▶ _INPUT_:

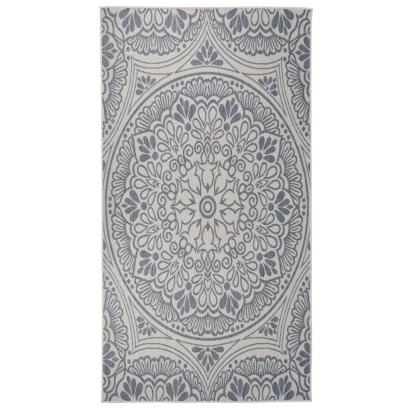 Covor de exterior, model albastru, 80x150 cm, țesătură plată GartenMobel Dekor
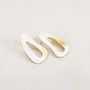 Jewelry - Blond horn Bore earrings - L INDOCHINEUR X RIVÊT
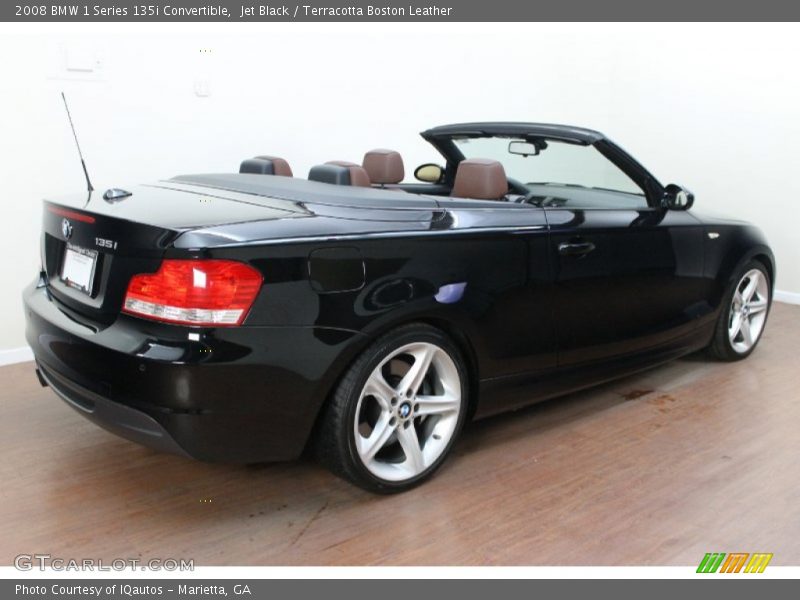 Jet Black / Terracotta Boston Leather 2008 BMW 1 Series 135i Convertible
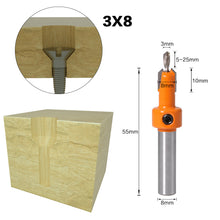 Load image into Gallery viewer, Hss Countersink Router Bit 8/10MM Shank Screw Extractor Woodworking Milling Cutter for Wood
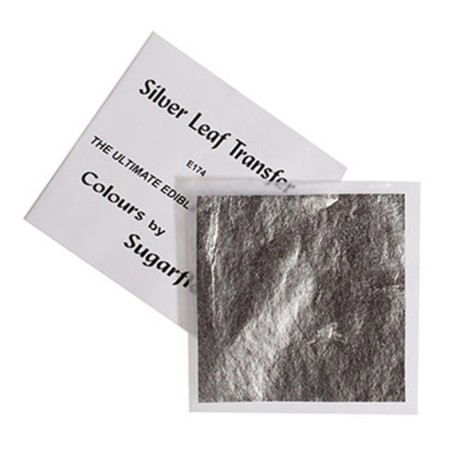 Pure Silver Leaf Transfer E174 (Edible)
3 ¼” X 3 ¼” by Sugarflair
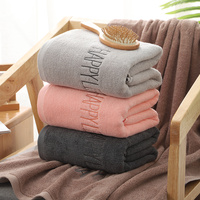 Pink Soft Cotton Bath Towel - 70x140cm, Quick Dry, Super Absorbent thumbnail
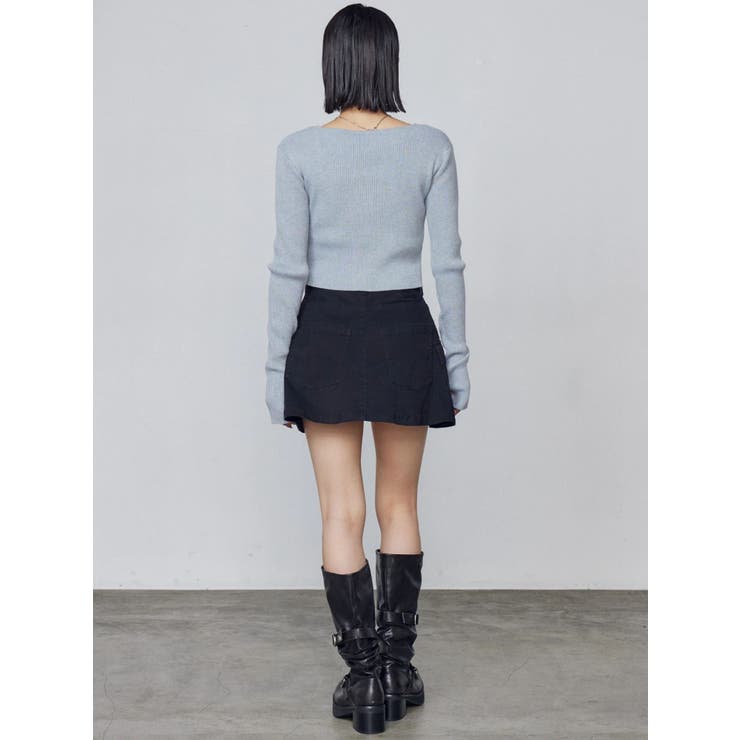 フロントレースアップフィットニット | EMODA | 詳細画像7 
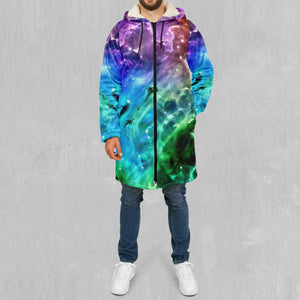 Galaxy Slam Zip Up Cloak (White Fur)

▶ _DIRECTIONS_: Lines from the one containing "Pure Silver Leaf Transfer E174 (Edible)" through the end of the material above must be reproduced exactly; pictures must not be.

▶ _ANSWER_:
 Pure Silver Leaf Transfer E174 (Edible)
3 ¼” X 3 ¼” by Sugarflair
 Pink Soft Cotton Bath Towel - 70x140cm, Quick Dry, Super Absorbent thumbnail
 フロントレースアップフィットニット | EMODA | 詳細画像7 
 Galaxy Slam Zip Up Cloak (White Fur)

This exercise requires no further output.